The name of the CSV file is specified as a property of the HDFS CSV File Reader.

The size of a CSV file may be limited by practical considerations, and it may not be practical to provide the desired amount of data in a single file. One possible solution is to iterate over one CSV file a number of times, which is provided for by the Repeat property. If 0 is specified for Repeat, then the HDFS CSV File Reader iterates over the CSV file indefinitely.

The HDFS CSV File Reader allows you to specify a string that, when encountered in an incoming CSV field, will be translated into a null tuple field value. The default string is null, but you can specify any string in the NULL String property.

The HDFS CSV File Reader can read files compressed in the zip or gzip formats, automatically extracting the file to be read from the zip or gzip archive file. For this to work, the adapter requires the target file to have the extension .zip, .gz, or .bz2 file and expects to find exactly one CSV file inside each compressed file. This feature allows the adapter to read market data files provided by a market data vendor in compressed format, without needing to uncompress the files in advance.

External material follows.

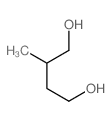 1,4-Butanediol,2-methyl- Structure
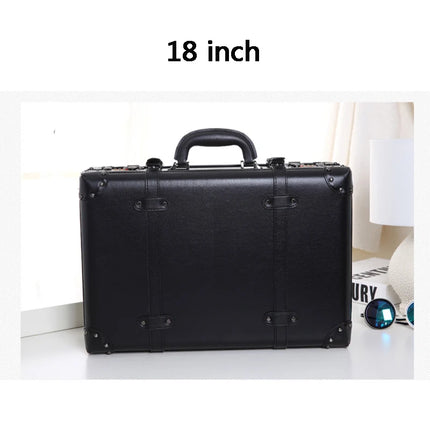 LEINASEN Retro Luggage Set Spinner Women 24 Inch Trolley by zapcart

The HDFS CSV File Reader considers lines starting with the number sign (#), also known the hash character, to be comments and discards them.

HDFS CSV File Reader Properties

This section describes the properties you can set for this adapter, using the various tabs of the Properties view in StreamBase Studio.

In the tables in this section, the Property column shows each property name as found in the one or more adapter properties tabs of the Properties view for this adapter.

Use the StreamSQL names of the adapter's properties when using this adapter in a StreamSQL program with the APPLY JAVA statement, or when specifying properties for a CSV-to-stream container connection (which uses this adapter's technology).

General Tab

Name: Use this field to specify or change the component's name, which must be unique in the application. The name must contain only alphabetic characters, numbers, and underscores, and no hyphens or other special characters. The first character must be alphabetic or an underscore.

Adapter: A read-only field that shows the formal name of the adapter.

Class: A field that shows the fully qualified class name that implements the functionality of this adapter. Use this class name when loading the adapter in StreamSQL programs with the APPLY JAVA statement. You can right-click this field and select Copy from the context menu to place the full class name in the system clipboard.

Start with application: If this field is set to Yes or to a module parameter that evaluates to true, an instance of this adapter starts as part of the containing StreamBase Server. If this field is set to No or to a module parameter that evaluates to false, the adapter is loaded with the server, but does not start until you send an sbadmin resume command, or until you start the component with StreamBase Manager. With this option set to No or false, the adapter does not start even if the application as a whole is suspended and later resumed. The recommended setting is selected by default.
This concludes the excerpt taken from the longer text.